Ersetzt man das Wort Darm durch das Wort Film wird aus Darmstadt Filmstadt. So weit die Theorie. In der Praxis verirrt sich allerdings nur selten eine Produktion in die Provinz.

In den 70ern war Darmstadt Dreh­­­ort der Mini-Fernsehserie „PS–Geschichten ums Auto“, in den 80ern glänzte die Stadt als Schauplatz der beliebtesten deutschen TV-Familienserie „Diese Drombuschs“ sowie der sechs­­teiligen Suizid-Hommage „, Tod eines Schülers“. In den 90ern folgte dann der dreiteilige TV-Politthriller „Tödliche Wahl“ mit Jürgen Prochnow. Alle vier gehen auf das Konto des Darmstädter Regiealtmeisters Peter Stromberger. Neuerdings lockt es sogar Kinoproduktionen nach Darmstadt: 2006 drehte der Berliner Regisseur Ansgar Ahlers eine Episode für die Grundgesetzverfilmung „GG 19“. Und ab April ist Darmstadt wieder Szenerie für die große Leinwand: „13 Semester“ heißt die 2,3-Millionen-Euro-Produktion, in der das Studentenleben des angehenden Mathematikers Momo erzählt wird. Der Münchner Newcomer-Regisseur Frieder Wittich wollte für seine Komödie, in der es um Liebe,  Freundschaft und Selbstfindung geht, eine unverbrauchte Location abseits der hippen Großstädte. Herzlich und offen sei er in Darmstadt empfangen worden und vom Studentenkeller über die Mensa auf der Lichtwiese bis zum Mathematikgebäude im Martinsviertel war Wittich sofort angetan.

Der Mann hinter den Kulissen, der dafür sorgt, dass Regisseure wie Wittich schwärmen und Produktions­firmen und Filmcrews auf dem Weg zwischen den Filmmetropolen Köln, Hamburg, Berlin und München auch mal in Darmstadt Halt machen, heißt Christoph Rau. Er ist Location-Scout und organisiert Drehorte und Drehgenehmigungen.
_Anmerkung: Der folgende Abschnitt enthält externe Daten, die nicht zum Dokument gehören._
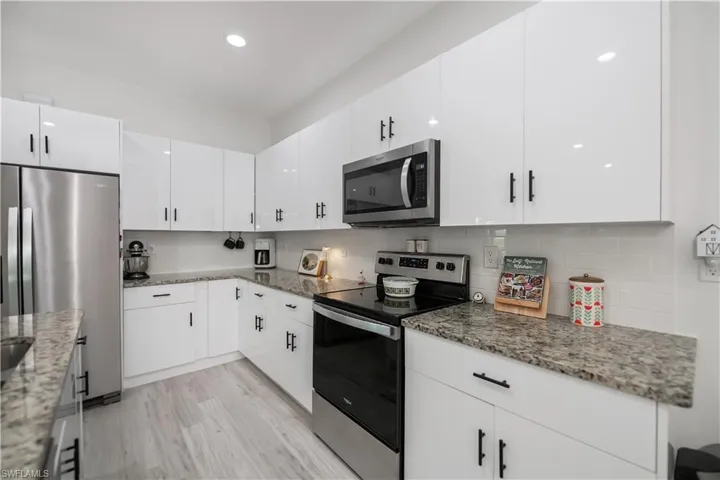 Kitchen featuring stainless steel appliances, white cabinets, light stone counters, light wood-type flooring, and recessed lighting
Bei „13 Semester“ sind diese fast ausschließlich Originalschauplätze, wie die Universität. Eine Art Egodusche für die TU Darm­stadt, der das heiß begehrte Siegel „Eliteuniversität“ Ende 2006 verwehrt blieb. Dass man die filmische Aufmerksamkeit zu schätzen weiß, dokumentiert die Homepage der TU. Dort kann man sich seit Wochen nicht nur für Kurse, sondern auch als Komparse für den Kinostreifen bewerben. „13 Semester“ soll im Frühling 2009 anlaufen und könnte dafür sorgen, dass der TU Darmstadt statt elitärem Flair ein Hauch Kultstatus zufliegt. Schließlich sind für die Wahl der passenden Uni Umfeld, Spaßfaktor und Sympathie nicht unerheblich.

Dass Wittich mit Spaß sympathisch umgehen kann, zeigt unter anderem sein Werbefilm „Keine Frage ohne Gegenfrage“ für die Schnell­esskette mit dem goldenen „M“, der vor vier Jahren beim wichtigsten deutschen und internationalen Werbefestival ADC und in Cannes prämiert wurde. Außerdem ist der 1974 in Stuttgart geborene Wittich seit 1998 selbst Student an der Hochschule für Fernsehen und Film München; er dürfte also mit den Höhen und Tiefen der Selbstfindung im Studium bestens vertraut sein.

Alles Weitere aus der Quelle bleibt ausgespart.